Si se pierde la cultura que se construyó sobre los conceptos de libertad y dignidad, no será posible el Estado de derecho ni el ejercicio de los derechos individuales, porque todos dependeremos de Gobiernos soberbios que, a su arbitrio, asignarán y quitarán la libertad, e inaugurarán expropiaciones de la dignidad y de la propiedad.

Los sectores liberales latinoamericanos han incurrido en enorme confusión: han puesto la carreta delante de los bueyes, han invertido la lógica, han olvidado la cultura y se han embelesado con indicadores, cifras y políticas que, en último término, nada significan para la población, porque se quedan en los cenáculos donde ministros, analistas y otros doctos se complacen en repetir sus logros, sin entender que no solo de balances vive el hombre; que sin el aire de los valores, y sin cultura que nazca de la sociedad, todo será humo y lugares comunes.

La cultura es la cenicienta del cuento.

Y no me refiero a la “cultura” que ha encontrado poltrona y púlpito en ministerios y otros espacios burocráticos y políticos.
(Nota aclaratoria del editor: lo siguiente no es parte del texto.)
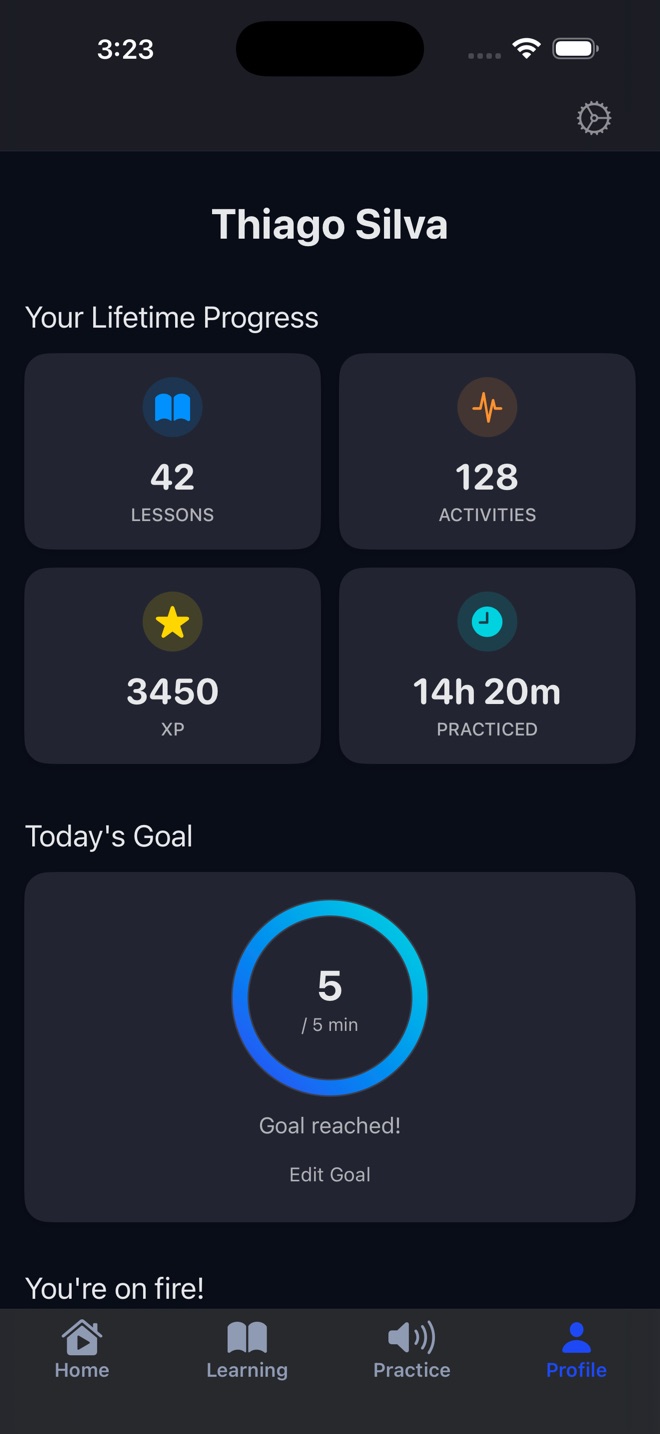 Fluo profile screen showing Lifetime Progress stats and daily streak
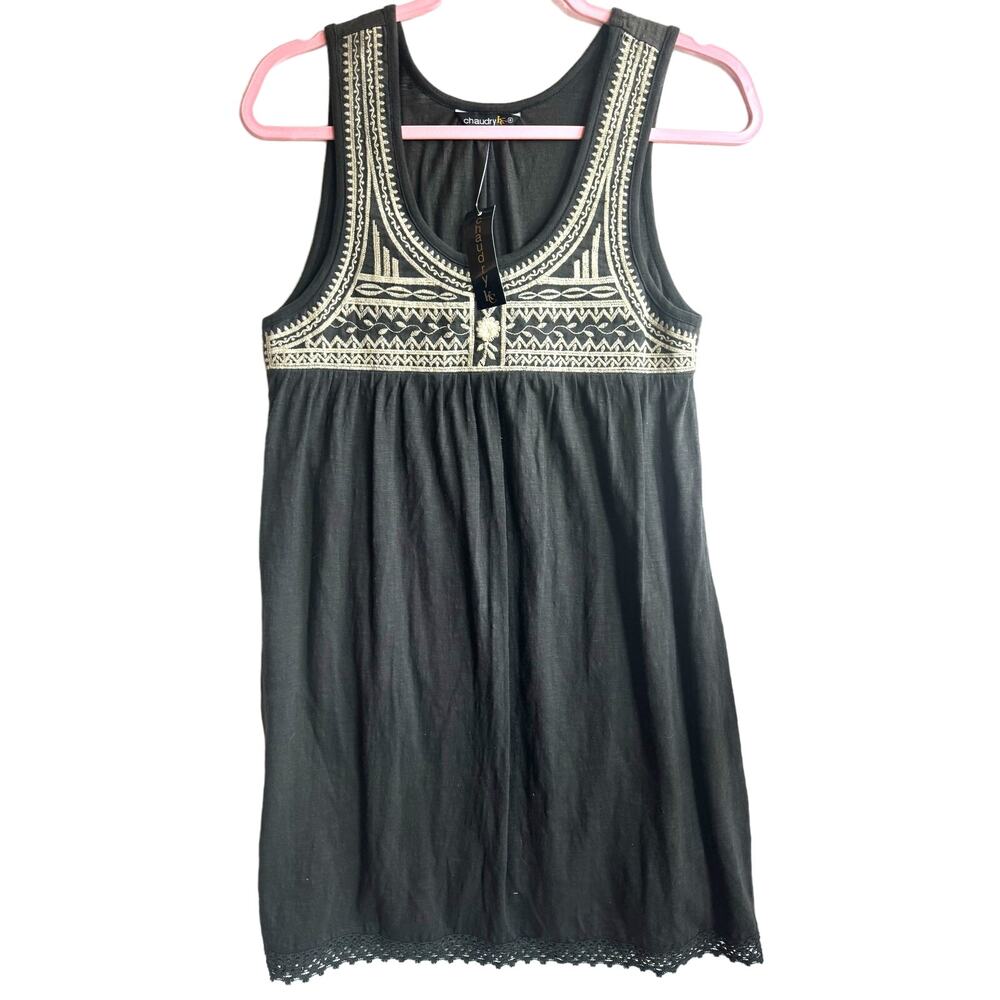Chaudry Tank Top NWT Small Embroidered Sleeveless Chocolate Brown Made in India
Me refiero a la cultura como condición para ser libres, a la cultura como referente de una sociedad civil generadora de pensamiento y de valores; y evoco a una sociedad que piense, cuestione, defienda, produzca, respete y sea capaz de crear pautas, ideas, creencias, estilos de vida por los cuales valga la pena pelear y desenmascarar a los innumerables agentes que prosperan en el Estado, en la universidad y en la escuela con el incansable empeño de construir sociedades de siervos o de simples consumidores. (O)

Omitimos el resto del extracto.